エラ・ヤング自伝『花ひらく黄昏』|錦繍
わたしたちが住んでいた家はユグノーのフランスの伯爵が建てたものだった。天井の高い広い部屋べやと、塀に囲まれた庭と、何人かの幽霊を擁していた。妹のエリザベスは暗がりにほの白く背の高い人影が動くのを見た。母は夜中の物音で眠れず、わたしの部屋にはときどき、話しかけられるのを待っているがけっして答えを返すことはない、ものしずかな幽霊が訪れた。
夜中にふいをうたれたように目を覚まし、だれかが部屋に立っているのを感じる。

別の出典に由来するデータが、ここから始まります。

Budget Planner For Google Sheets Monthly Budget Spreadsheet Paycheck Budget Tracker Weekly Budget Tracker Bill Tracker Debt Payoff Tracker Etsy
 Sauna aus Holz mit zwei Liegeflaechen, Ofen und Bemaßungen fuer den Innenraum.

ベッドの足元のほうにほっそりした影が――わたしに気づいてもらいたがっており、わたしを目覚めさせただれかがいる。そのだれかは話をしたくて、でもできないでいる、そう思われた。毎晩起こるわけではなく、いつも同じ時間ともかぎらなかった。それでも、つねに影はものしずかな執拗さでそこにおり――待っていた。
とうとうわたしは勇気をふるって暗闇の中で身を起こした。
「父と子と聖霊の三位一体の名において、話しなさい! わたしは聞くのをおそれない」
彼女は話さなかった。いつも待っていたように、そこで待っていた。それから小さくため息をついて、そっと部屋を出ていった。彼女が動くにつれて、そのあたりで絹のスカートが衣擦れの音をたてた。
その後も彼女はあらわれた。おし黙り、どことなく期待するように。たぶん、もっと断固として命ずるべきだったのだろう。もういちど試しはしなかった。わたしの声はあまりにおおきく、うるさく――威嚇的にさえ――響いたように思えた。会話を始めるのにピストルを撃つようなものだ。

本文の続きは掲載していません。